你需要想象一下,我在d 上做这个,至少比这个例子大 10-100 倍。
有人能建议/建议一种更快的方法吗?
谢谢!
编辑:跟进用户反馈
试用 dplyr (4) 和 data.table (5) 方法,以及更多基本的 R 方法(使用 aggregate、(6) 和 (7)),这些方法涉及更多但可能与这两者有一定的竞争力。
# Method 4: dplyr
require(dplyr)
time.4 <- system.time({
d %>%
group_by(ID) %>%
summarise(N = n(),
P_mean = mean(P),
P_sd = sd(P),
sets = paste(unique(set), collapse = ",")) -> d_summary.4
})
cat("\ntime.4 =",time.4,"\n")
print(sapply(d_summary.4, class))
# Method 5: data.table
require(data.table)
time.5 <- system.time({
setDT(d)
d_summary.5 <- d[, .(N = .N,
P_mean = mean(P),
P_sd = sd(P),
sets = toString(unique(set))), ID]
d_summary.5 <- as.data.frame(d_summary.5)
})
cat("\ntime.5 =",time.5,"\n")
print(sapply(d_summary.5, class))
# Method 6: aggregate each column separately and merge
time.6 <- system.time({
d_summary.6 <- setNames(as.data.frame(table(d$ID), stringsAsFactors = F),c("ID","N"))
d_summary.6 <- merge(d_summary.6, setNames(aggregate(P ~ ID, data = d, FUN = mean),c("ID","P_mean")), by = "ID")
d_summary.6 <- merge(d_summary.6, setNames(aggregate(P ~ ID, data = d, FUN = sd),c("ID","P_sd")), by = "ID")
d_summary.6 <- merge(d_summary.6, setNames(aggregate(set ~ ID, data = d, FUN = function(x) {paste(unique(x),collapse=",")}),c("ID","sets")), by = "ID")
})
cat("\ntime.6 =",time.6,"\n")
print(sapply(d_summary.6, class))
# Method 7: aggregate each column separately and cbind (this assumes that both table and aggregate will report all values of ID, sorted)
time.7 <- system.time({
d_summary.7 <- setNames(as.data.frame(table(d$ID), stringsAsFactors = F),c("ID","N"))

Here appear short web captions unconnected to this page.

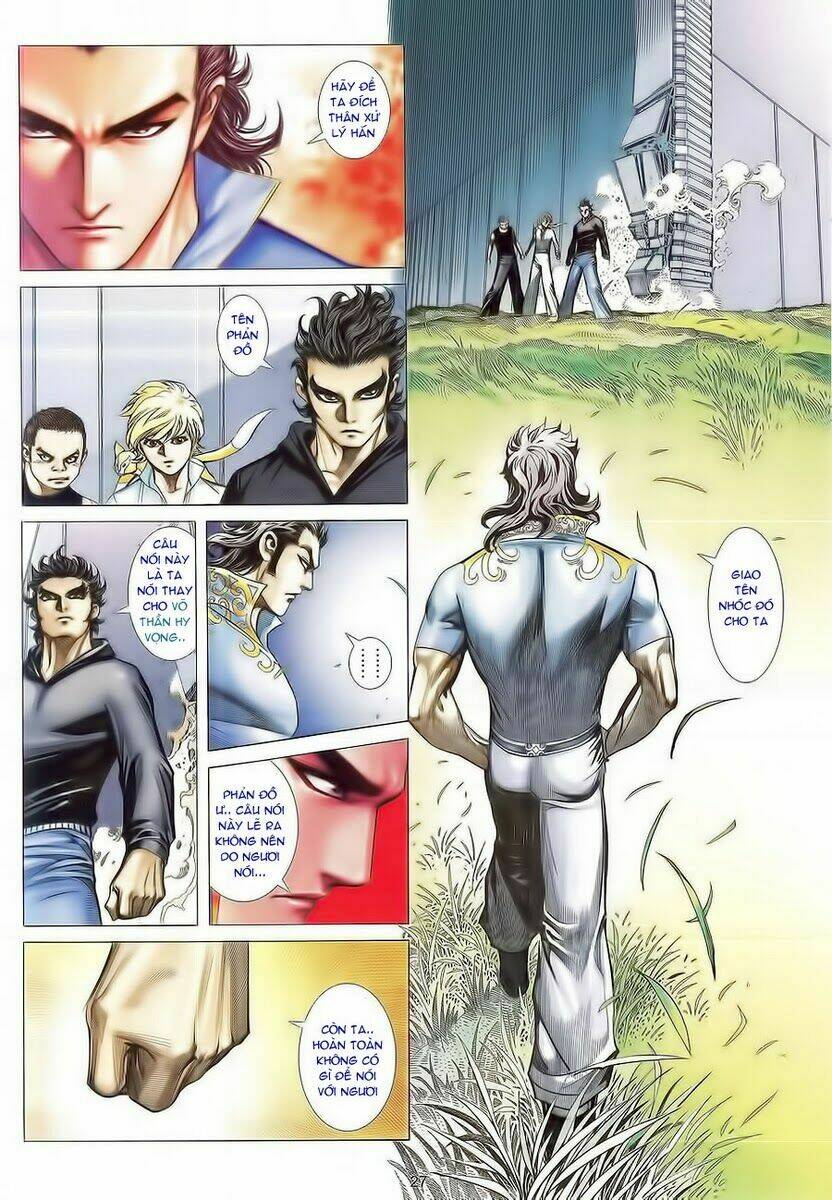 võ thần phượng hoàng chapter 92 25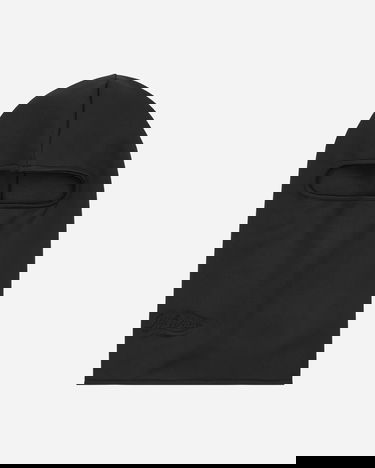 Beanie Off-White Wave Off Balaclava Black Črna | OMLC032S23JER001 1010, 0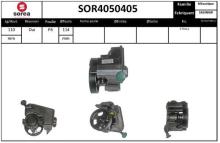SNRA SOR4050405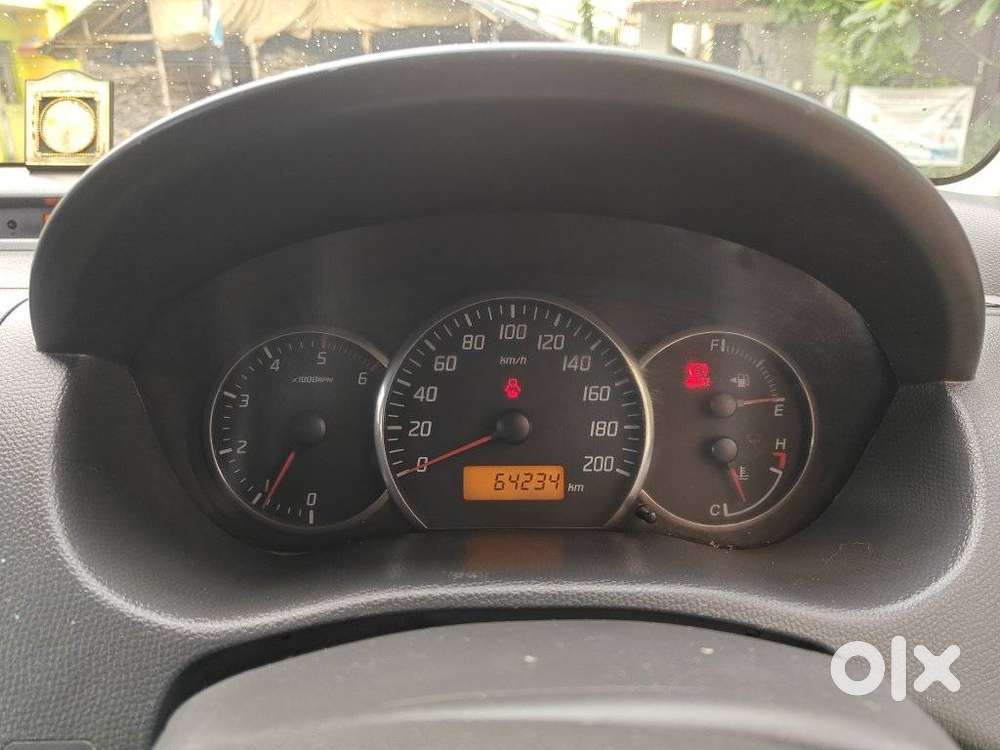 Maruti Suzuki Swift Ddis Vdi, 2010, Diesel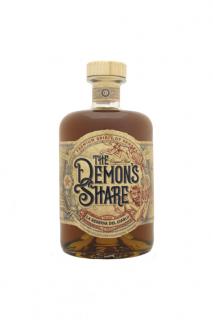 The Demon's Share Magnum 40% 1,5l (čistá fľaša)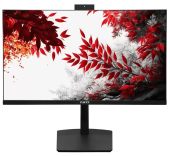 Монитор RDW Computers RDW2702K 27" IPS чёрный, 2702K/Q19В3100V2A1H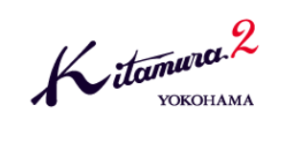 Kitamura2公式ロゴ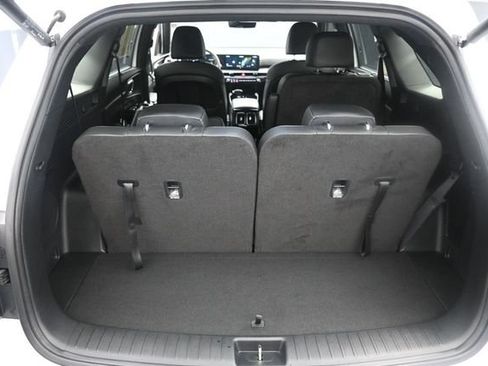 Used 2025 Kia Sorento SX Prestige AWD/4WD image 24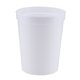 aerial view a white touchdown - 16 oz stadium cup - colorjet, image 1 of 2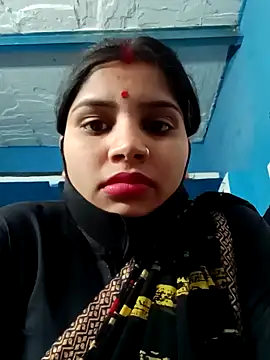 Nisha Cute online show from 02-04-25, 08:02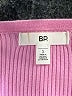 BP. Pink Cardigan Size S - photo 7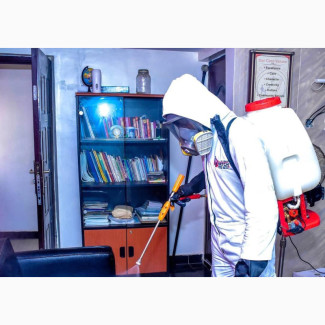 Fumigation Service - Get Rid of Pests Today
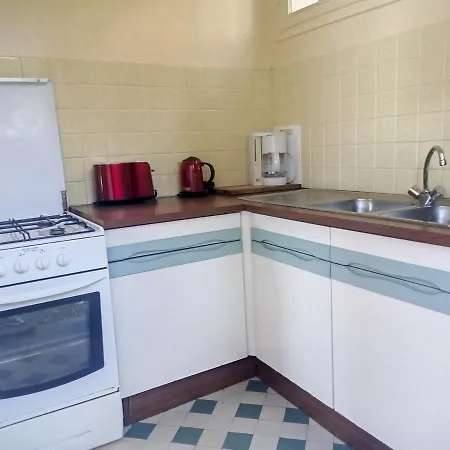 Maison Jullouville, 3 Pièces, 4 Personnes - Fr-1-361-69 * Jullouville-les-Pins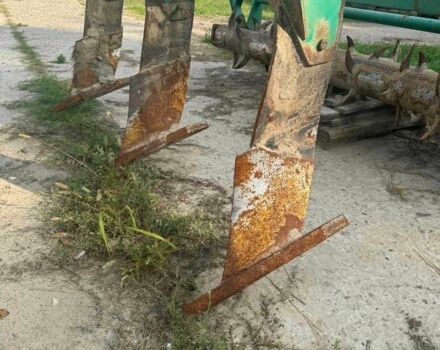 Другая Другая, объемом двигателя 0 л и пробегом 0 тыс. км за 4486 $, фото 6 на Automoto.ua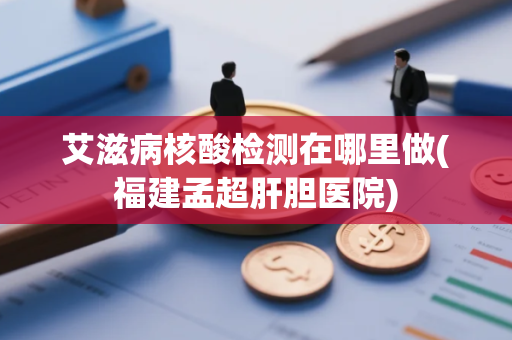 艾滋病核酸检测在哪里做(福建孟超肝胆医院)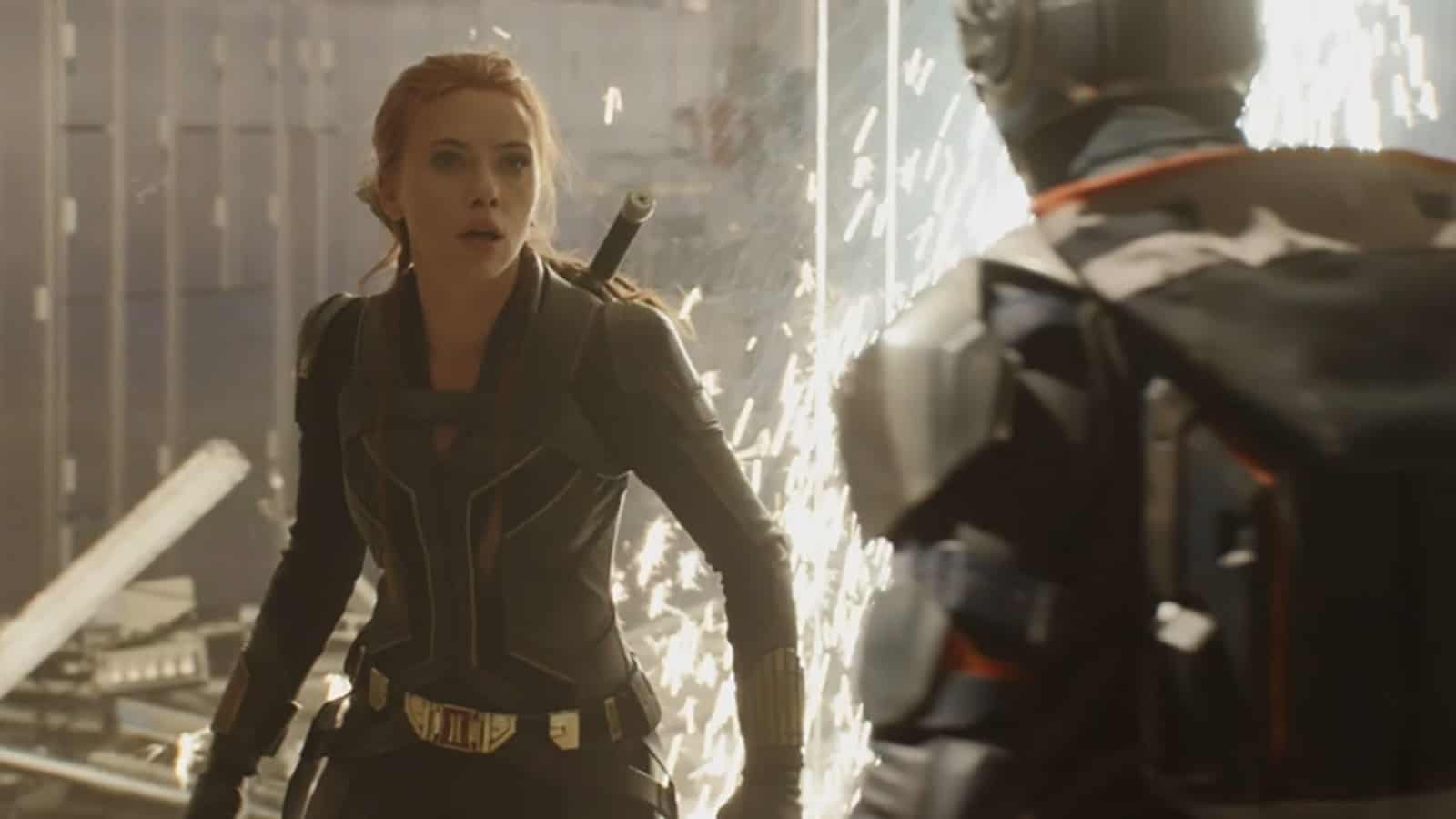 Disney "resets" its contract policy following Scarlett Johansson lawsuit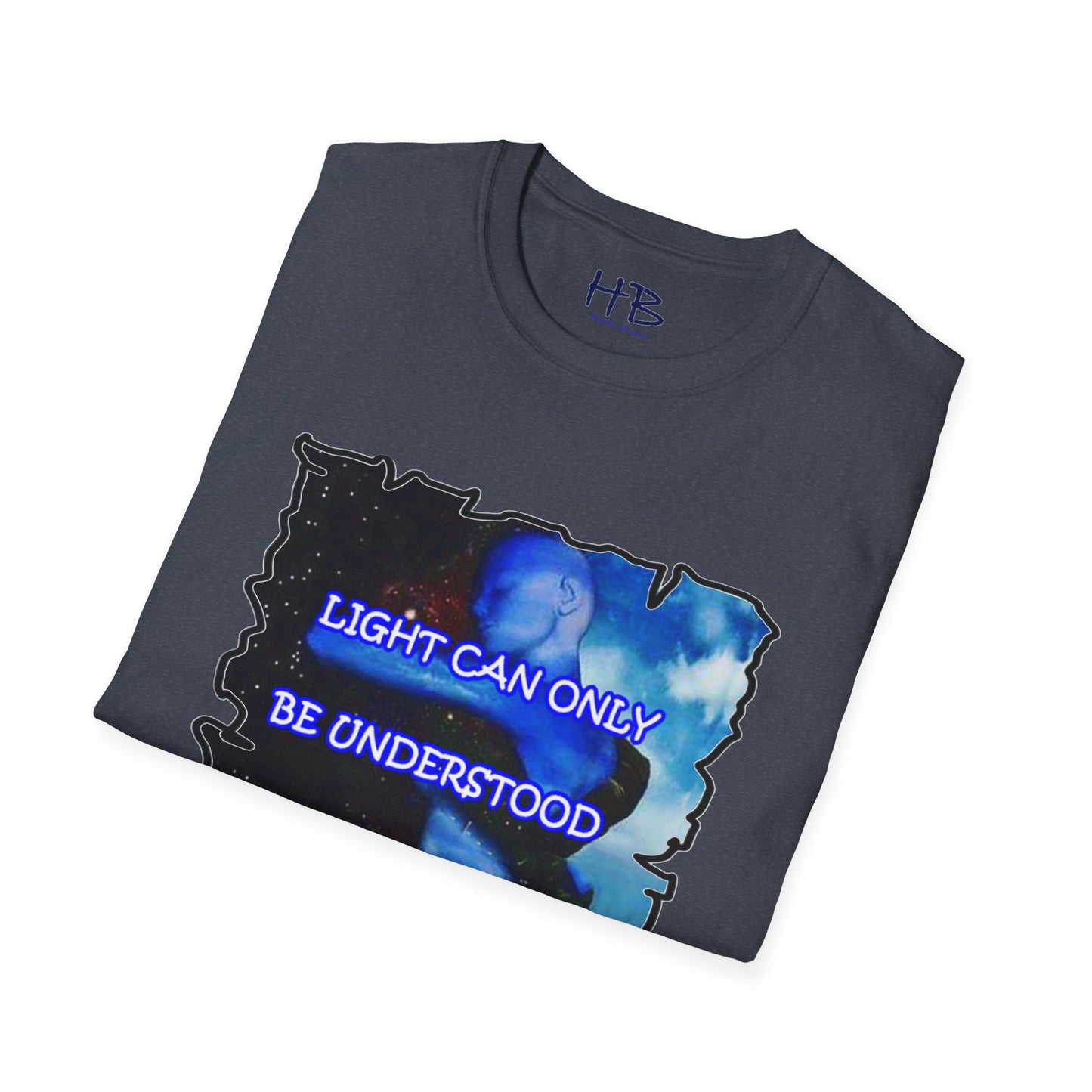 Celestial Symphony using Threads of Enlightenment: Embrace the Wisdom of Light and Darkness by Bridging the Abyss using The Yin-Yang of Fashion!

d_summary.7 <- cbind(d_summary.7, "P_mean" = aggregate(P ~ ID, data = d, FUN = mean)[,2])
d_summary.7 <- cbind(d_summary.7, "P_sd" = aggregate(P ~ ID, data = d, FUN = sd)[,2])
d_summary.7 <- cbind(d_summary.7, "sets" = aggregate(set ~ ID, data = d, FUN = function(x) {paste(unique(x),collapse=",")})[,2])
})
cat("\ntime.7 =",time.7,"\n")
print(sapply(d_summary.7, class))
时间:
time.1 = 1.73 0.02 1.77 NA NA
ID N P_mean P_sd sets
"character" "integer" "numeric" "numeric" "character"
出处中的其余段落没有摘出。